## WORK TO BE COMPLETED
Quote exactly the lines spanning from the top of the data below to the line that contains "Cautions and Considerations: Always", including both.

================

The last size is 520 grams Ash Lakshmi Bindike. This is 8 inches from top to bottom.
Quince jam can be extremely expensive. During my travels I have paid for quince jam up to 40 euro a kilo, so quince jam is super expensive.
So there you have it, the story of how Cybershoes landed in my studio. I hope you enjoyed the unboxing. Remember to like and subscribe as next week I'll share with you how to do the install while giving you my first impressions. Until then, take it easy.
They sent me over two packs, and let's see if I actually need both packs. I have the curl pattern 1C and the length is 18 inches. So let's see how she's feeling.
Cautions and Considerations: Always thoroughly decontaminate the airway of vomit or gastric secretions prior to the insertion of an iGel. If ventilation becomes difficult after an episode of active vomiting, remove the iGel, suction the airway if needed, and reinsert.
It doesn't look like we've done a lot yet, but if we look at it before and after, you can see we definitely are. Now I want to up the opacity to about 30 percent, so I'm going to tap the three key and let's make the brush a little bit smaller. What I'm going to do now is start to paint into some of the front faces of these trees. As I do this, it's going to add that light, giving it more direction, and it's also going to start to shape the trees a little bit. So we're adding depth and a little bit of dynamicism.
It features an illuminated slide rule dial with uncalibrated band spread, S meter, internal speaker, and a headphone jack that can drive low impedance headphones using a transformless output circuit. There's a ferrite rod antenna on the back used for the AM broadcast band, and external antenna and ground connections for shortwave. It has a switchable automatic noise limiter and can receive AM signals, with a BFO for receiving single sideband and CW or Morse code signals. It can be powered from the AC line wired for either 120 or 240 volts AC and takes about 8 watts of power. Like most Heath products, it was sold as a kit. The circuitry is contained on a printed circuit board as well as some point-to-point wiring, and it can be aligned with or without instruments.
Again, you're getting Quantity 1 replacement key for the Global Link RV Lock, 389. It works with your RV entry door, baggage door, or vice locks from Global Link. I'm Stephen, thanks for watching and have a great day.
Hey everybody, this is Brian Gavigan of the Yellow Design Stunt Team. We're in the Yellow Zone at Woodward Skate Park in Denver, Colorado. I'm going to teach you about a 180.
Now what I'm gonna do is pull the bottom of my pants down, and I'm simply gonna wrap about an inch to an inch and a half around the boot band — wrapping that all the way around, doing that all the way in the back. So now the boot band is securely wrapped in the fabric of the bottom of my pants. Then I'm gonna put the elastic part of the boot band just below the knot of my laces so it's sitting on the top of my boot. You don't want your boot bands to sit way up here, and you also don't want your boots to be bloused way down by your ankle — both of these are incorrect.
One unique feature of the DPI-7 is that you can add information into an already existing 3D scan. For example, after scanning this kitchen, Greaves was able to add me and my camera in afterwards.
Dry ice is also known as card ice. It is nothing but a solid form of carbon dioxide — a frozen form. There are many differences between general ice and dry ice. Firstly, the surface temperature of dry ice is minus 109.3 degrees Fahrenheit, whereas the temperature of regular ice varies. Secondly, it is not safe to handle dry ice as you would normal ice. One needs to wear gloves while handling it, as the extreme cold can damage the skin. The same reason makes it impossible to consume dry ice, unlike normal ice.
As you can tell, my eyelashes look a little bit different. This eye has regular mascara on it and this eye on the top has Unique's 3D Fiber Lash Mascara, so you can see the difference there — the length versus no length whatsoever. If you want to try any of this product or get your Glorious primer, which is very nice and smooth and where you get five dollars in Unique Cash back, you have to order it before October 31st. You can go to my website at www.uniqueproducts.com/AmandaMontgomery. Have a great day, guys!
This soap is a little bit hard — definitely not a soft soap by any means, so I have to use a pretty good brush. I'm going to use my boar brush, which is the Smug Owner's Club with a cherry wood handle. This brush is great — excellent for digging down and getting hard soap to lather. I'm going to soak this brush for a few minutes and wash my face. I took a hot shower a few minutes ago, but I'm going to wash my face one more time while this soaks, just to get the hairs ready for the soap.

================

## WRITTEN SOLUTION
The last size is 520 grams Ash Lakshmi Bindike. This is 8 inches from top to bottom.
Quince jam can be extremely expensive. During my travels I have paid for quince jam up to 40 euro a kilo, so quince jam is super expensive.
So there you have it, the story of how Cybershoes landed in my studio. I hope you enjoyed the unboxing. Remember to like and subscribe as next week I'll share with you how to do the install while giving you my first impressions. Until then, take it easy.
They sent me over two packs, and let's see if I actually need both packs. I have the curl pattern 1C and the length is 18 inches. So let's see how she's feeling.
Cautions and Considerations: Always thoroughly decontaminate the airway of vomit or gastric secretions prior to the insertion of an iGel. If ventilation becomes difficult after an episode of active vomiting, remove the iGel, suction the airway if needed, and reinsert.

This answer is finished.